# Resampling data

This notebook will demonstrate how to resample data with Lilio.
Lilio is able to resample Pandas' `DataFrame` and `Series`, as well as xarray's `DataArray` and `Dataset`.

We start by importing the required libraries and generating an example Pandas Series and a DataFrame

In [None]:
import numpy as np
import xarray as xr
import pandas as pd
import lilio

time_index = pd.date_range('20171020', '20211001', freq='15d')
random_data = np.random.random(len(time_index))
example_series = pd.Series(random_data, index=time_index)
example_dataframe = pd.DataFrame(example_series.rename('data1'))
example_dataframe['data2'] = example_dataframe['data1']

example_series.head(3)

The DataFrame looks similar but has two named columns:

In [None]:
example_dataframe.head(3)

To resample we need to set up an calendar with the anchor date and frequency.
In this case we choose to use the `daily_calendar` shorthand.

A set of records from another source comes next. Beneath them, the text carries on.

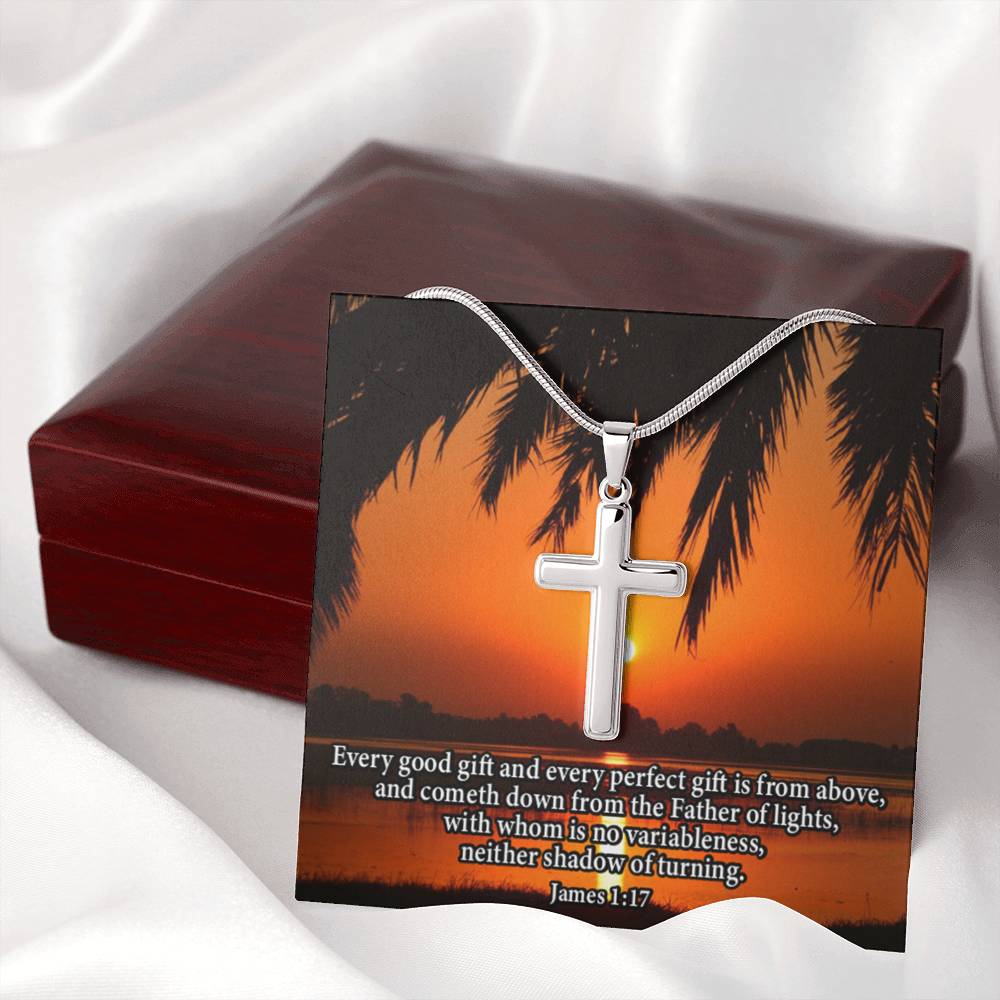 Scripture Card James 1:17 Cross Card Necklace w Stainless Steel Pendant Religious Gift-Express Your Love Gifts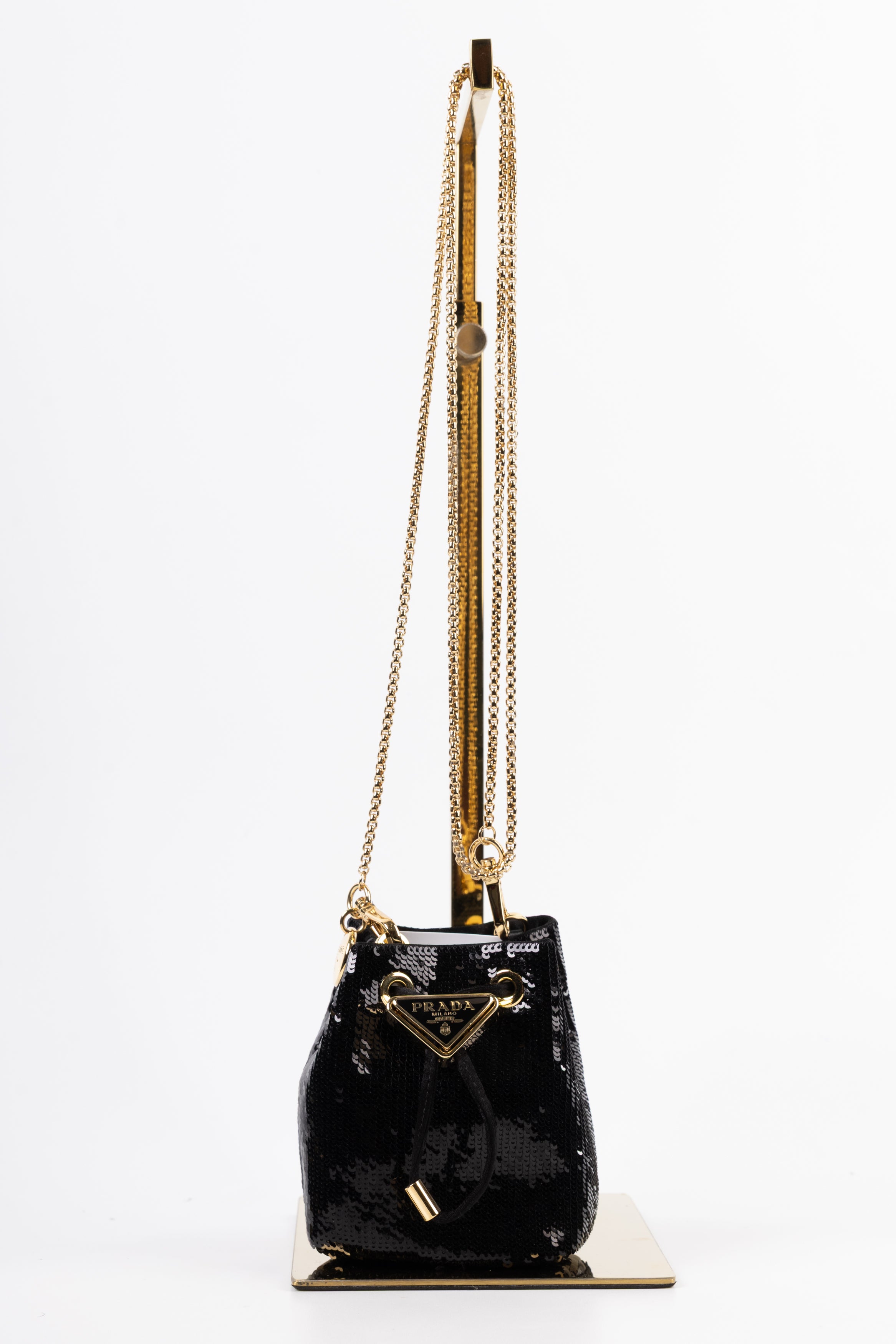 prada secchiello micro pouch con paillettes
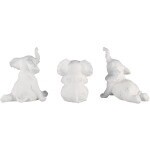 Stone Look Yoga Elephant, White made of resin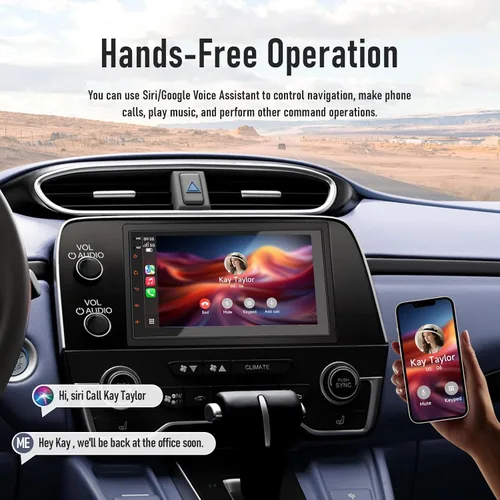Vista 6 de Haudio Estéreo de auto de doble DIN de 7 pulgadas con Apple CarPlay inalámbrico y Android Auto, pantalla táctil de radio para automóvil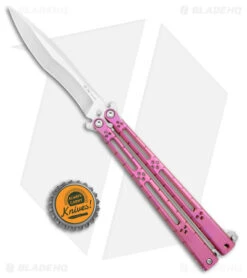 Hom Design I-Basilisk Channel Butterfly Knife Magenta Ti Latched (4.5" Satin) -eos || Kershaw || Spyderco Shop Hom Design I Basilisk Channel Butterfly Magenta Ti Latched Satin BHQ 175608 jr bottlecap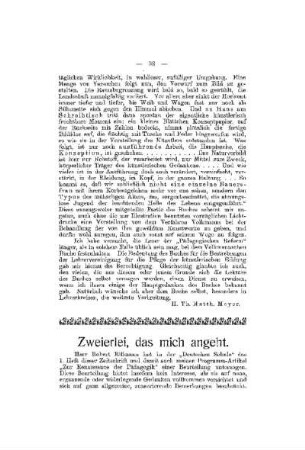 Zweierlei, das mich angeht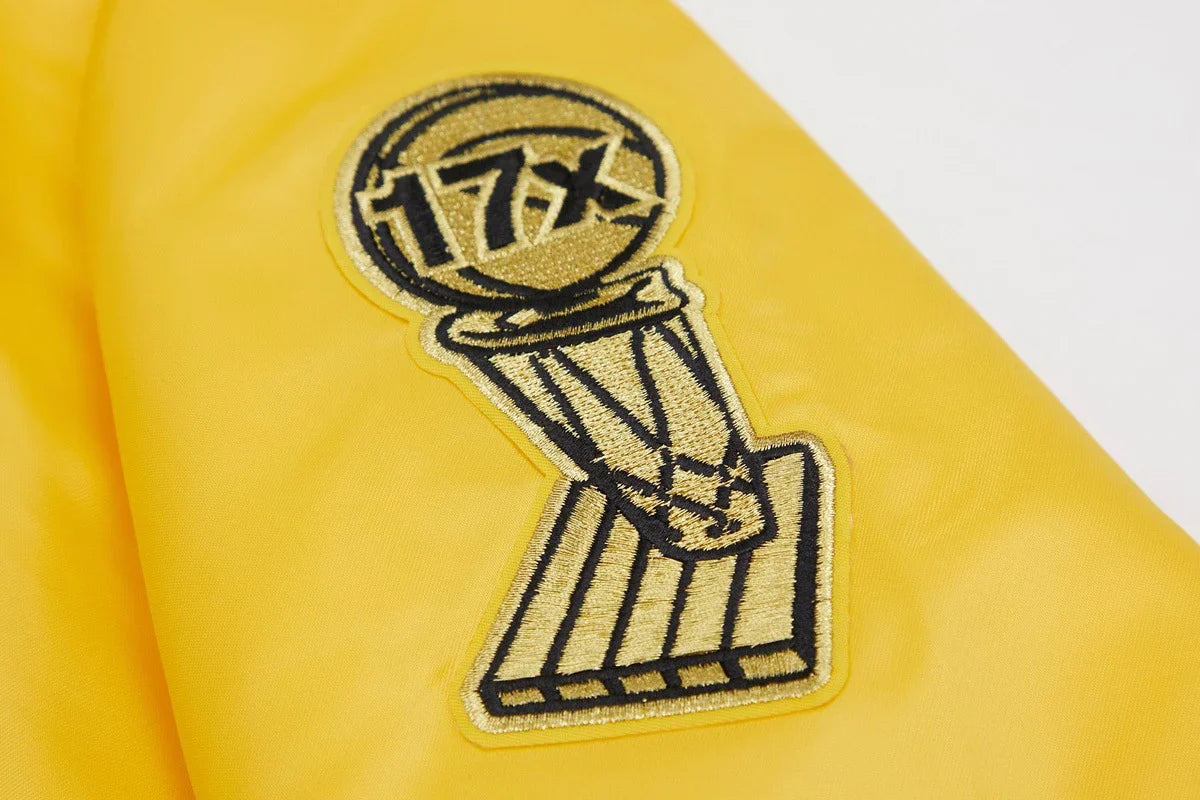 Chaqueta de satén Pro Standard LA Lakers Big Logo - Dorada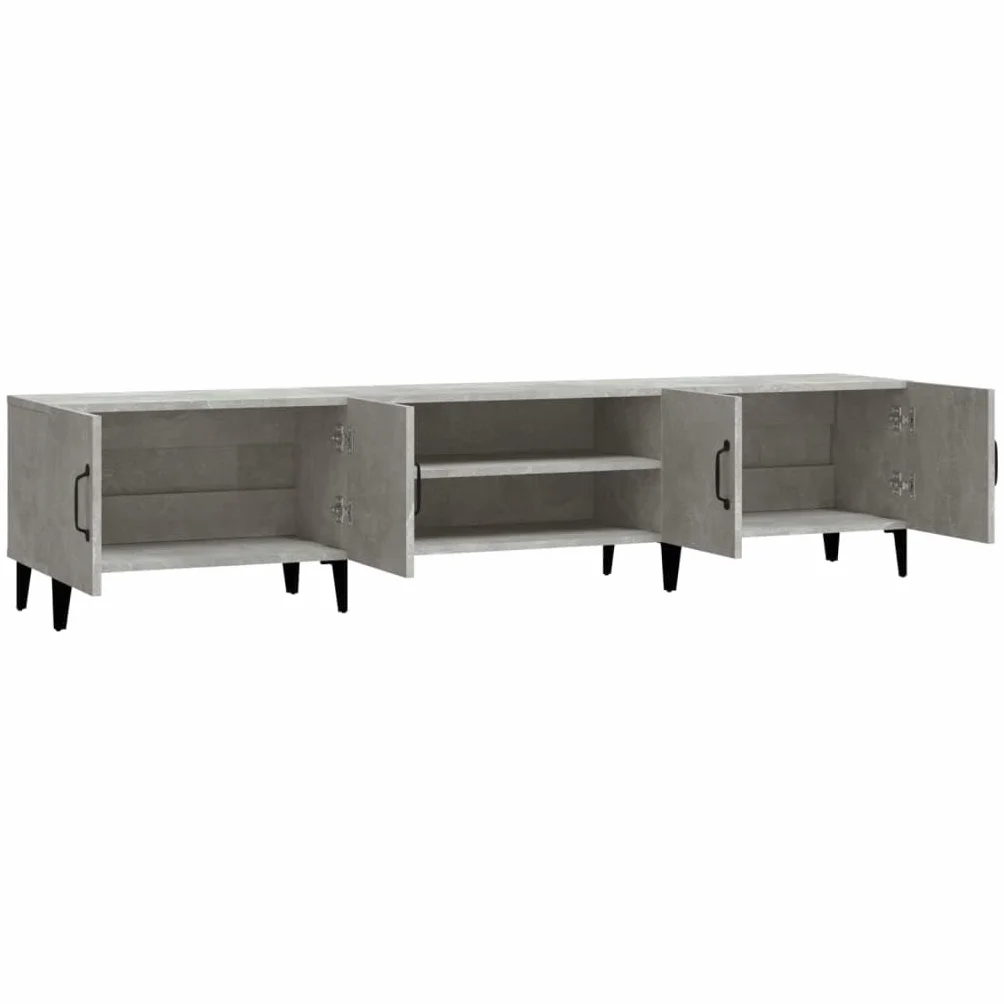 vidaXL Mueble de TV Madera contrachapada Gris hormigón 180x31,5x40 cm, Soporte de TV, Armario Auxiliar, Armario para Equipos de música, Armario de TV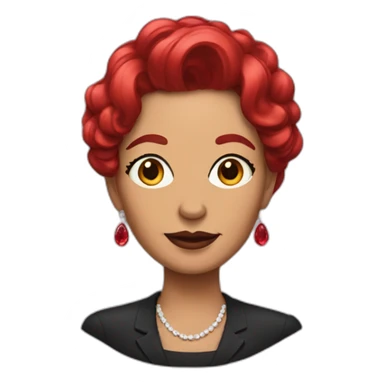 woman politician with ruby hair sticker
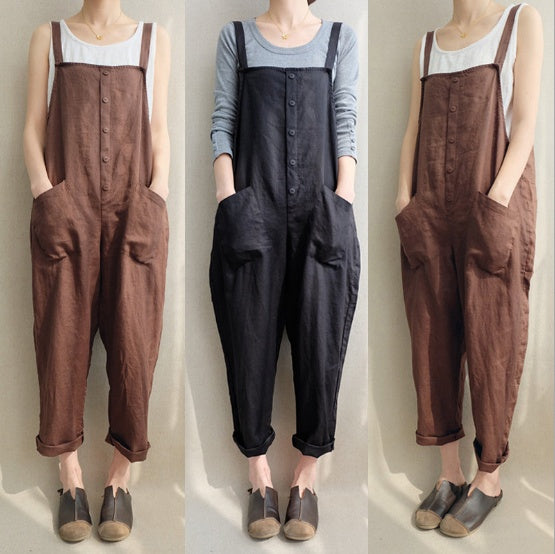 Plus Size Cotton Linen Breathable Overalls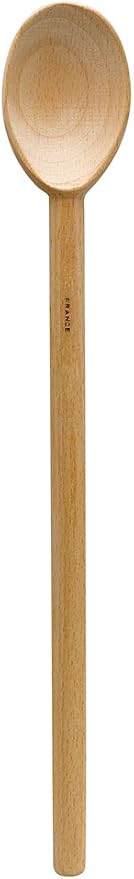 HIC Kitchen Deluxe Heavyweight French Beechwood Spoon, Made in France, 15.5 Inches, Heavy Duty Wooden Cooking Spoon For Stirring And Mixing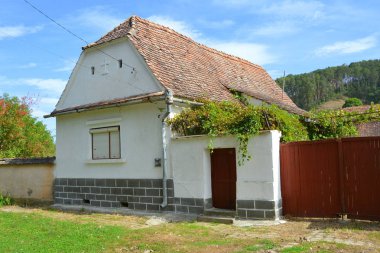 Tipik kırsal manzara ve köylü evlerde Bradeni, Henndorf, Hegendorf, Transilvanya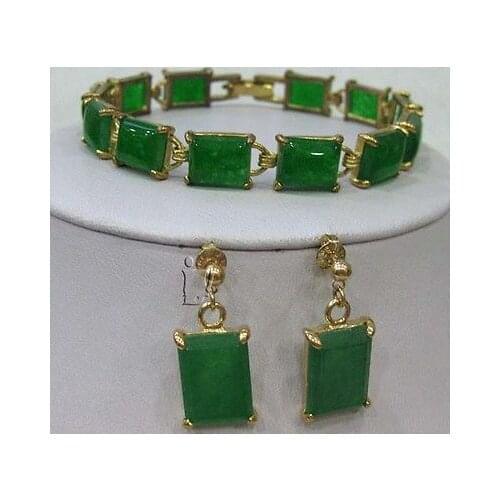 Prett Lovely Womens Wedding Green gem bracelet earrings set>AAA GP Bridal wide watch wings queen JEWE Ms. jewelry brinco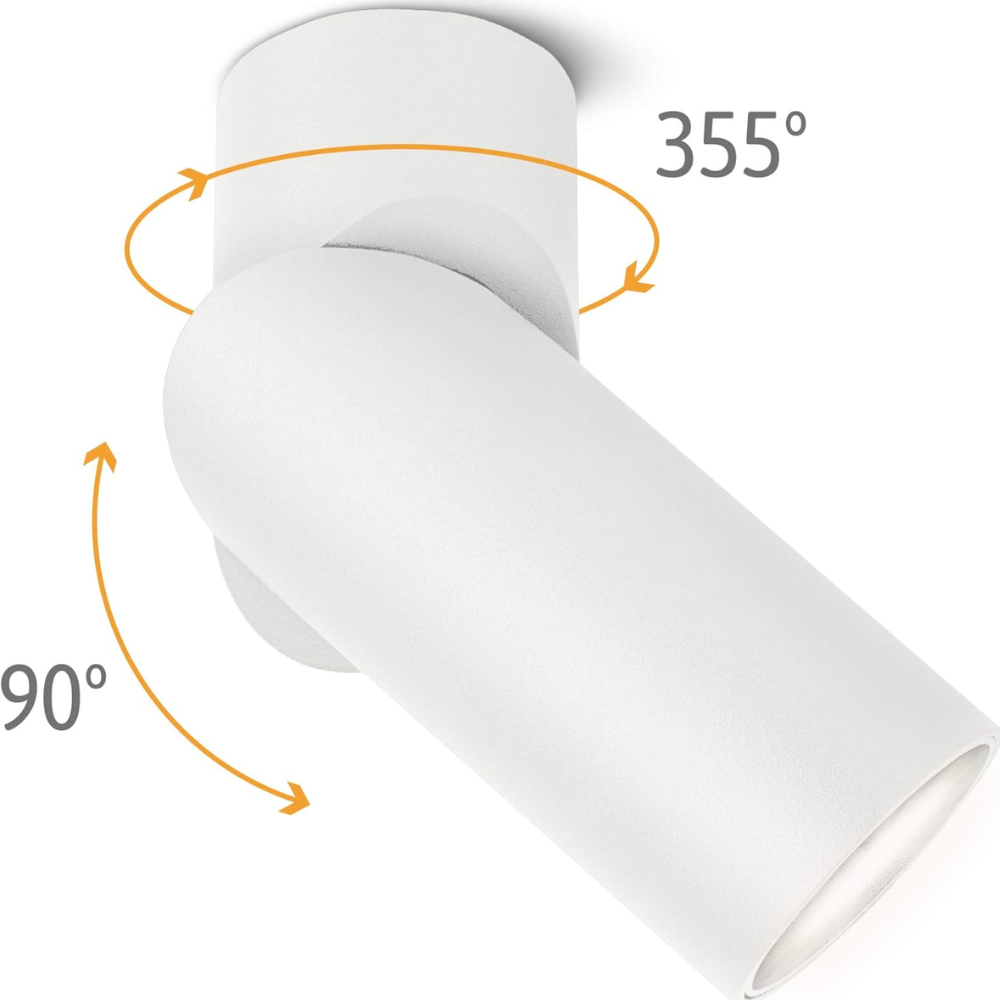 Base per faretti attacco gu10 in alluminio orientabile regolabile bianco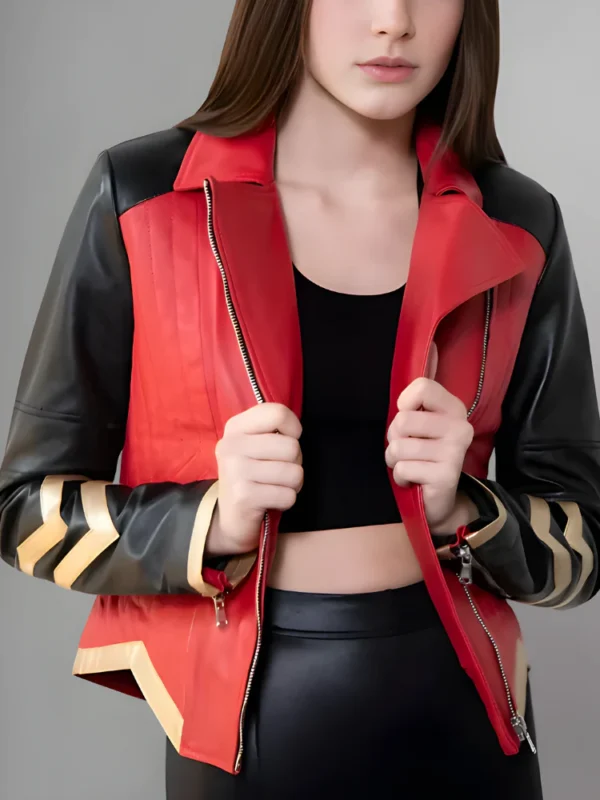 Model Wearing Womens Warrior Red Leather Jacket - Front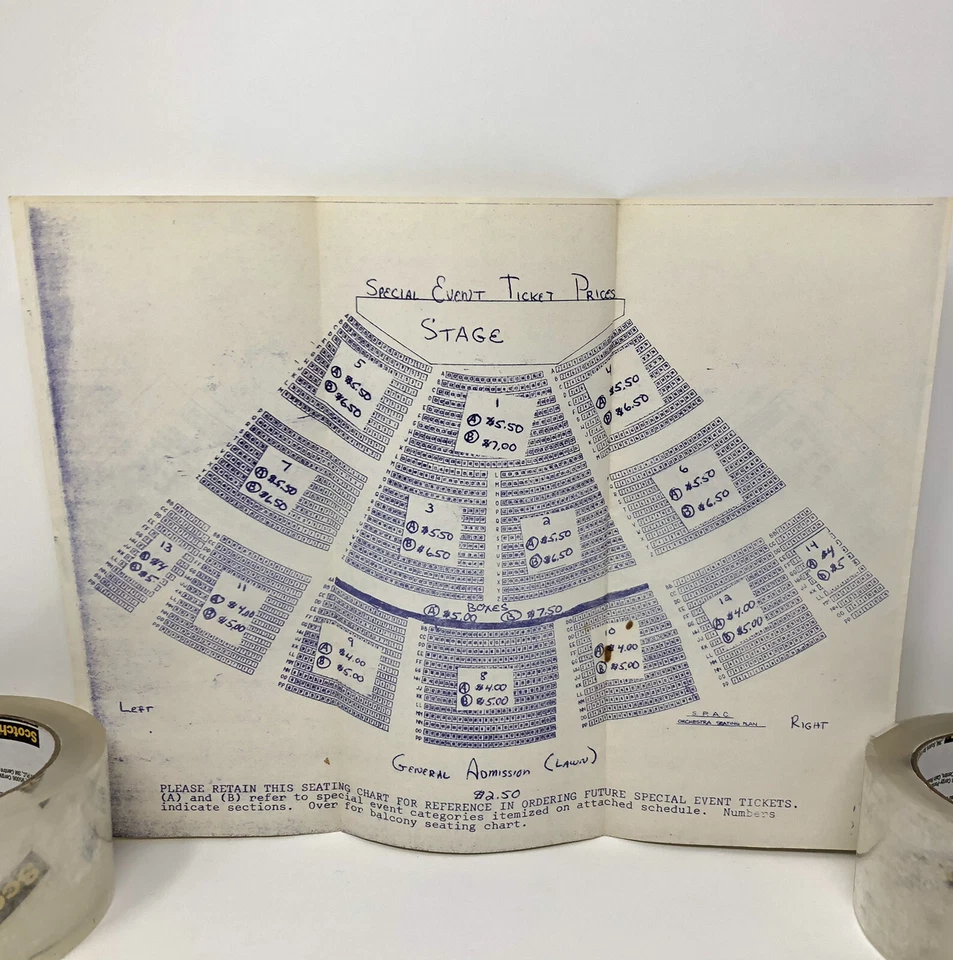 SPAC Saratoga Artes Escénicas Saratoga NY Vintage 2 Caras Asientos Tabla de Precios Foto 1 de 4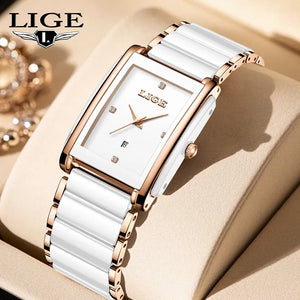 Women's Luxury Quartz Watch with Ceramic Strap Elegant Fashion Wristwatch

(Passing `max_lag` is optional, as well as `allow_overlap`, but this will allow us to demonstrate that resampling works even when intervals overlap)

In [None]:
calendar = lilio.daily_calendar(
    anchor="10-15",
    length='90d',
    n_precursors=4,
    allow_overlap=True
)
calendar.map_years(2018, 2020)
calendar.visualize()

Next we pass the example data to the `resample` function. This requires a mapped calendar and the input data.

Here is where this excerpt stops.